# Private Firms Rush to Fill Security Vacuum in Afghanistan



## Greymatters (22 Nov 2007)

The Copyright Act, Section 29.

Focus has shifted from private firms in Iraq and now looking at Afghanistan.

http://www.canada.com/victoriatimescolonist/news/story.html?id=8d5eadb0-97af-4364-85a4-f4d034107660

Private firms rush to fill security vacuum in Afghanistan
Andrew Mayeda and Mike Blanchfield, CanWest News Service
Published: Thursday, November 22, 2007
KABUL -- Behind nondescript steel walls on the outskirts of Afghanistan's capital, a British firm has created a security bubble that foreigners almost never have to leave.
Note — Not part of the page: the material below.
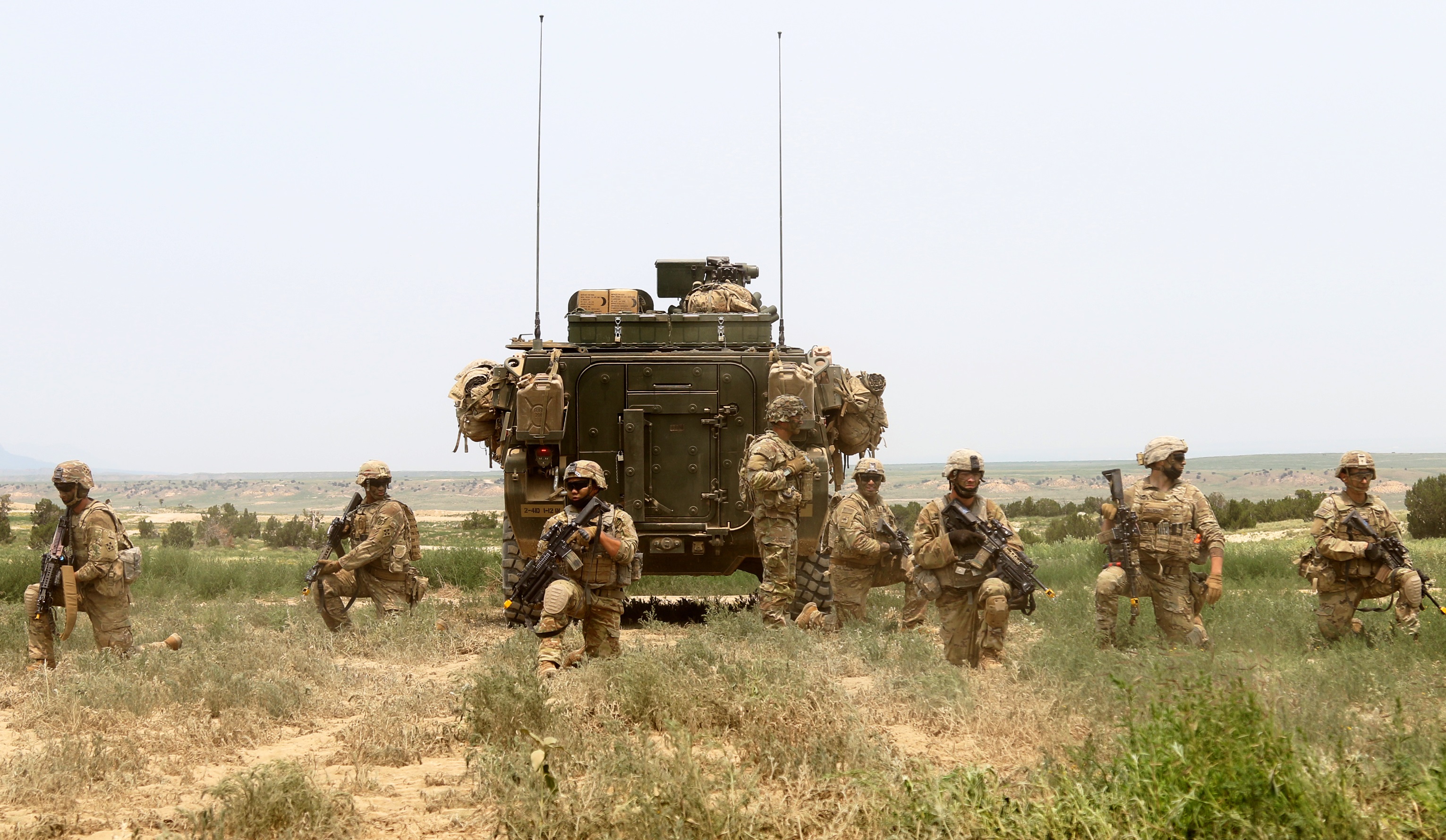 Soldiers with 1st Battalion, 12th Infantry Regiment, 2nd Stryker Brigade Combat Team, 4th Infantry Division, pull security during a platoon live-fire exercise July 12 at Fort Carson, Colo. The Warhorse Brigade's training aligns with its upcoming training rotation to Fort Irwin, Calif. (Maj. Jason Elmore/Army)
...Anjuman, which also features a cafeteria, gymnasium, sauna and jogging track, can house more than 300 individuals in air-conditioned rooms, outfitted with cable TV and high-speed Internet. The aid workers and corporate employees who live there entrust their safety to ArmorGroup International, one of Afghanistan's biggest private security firms...

...Despite their efforts at discretion, private security firms in Afghanistan are finding themselves increasingly in the spotlight. The heightened foreign presence since 2001, as well as the continuing threats to security, have left them with a lucrative niche...

... Canada, like many western countries, is increasingly turning to private security. Last year, for instance, the Foreign Affairs Department spent the bulk of its $35.2 million "protection services" budget, earmarked for its missions around the globe, on private firms...

...In Kabul, Britain's Saladin Security protects the Canadian Embassy, as well as diplomats and other VIPs. It also provides security for the military's Strategic Advisory Team, about 20 officers and Foreign Affairs personnel who support the Afghan government in Kabul...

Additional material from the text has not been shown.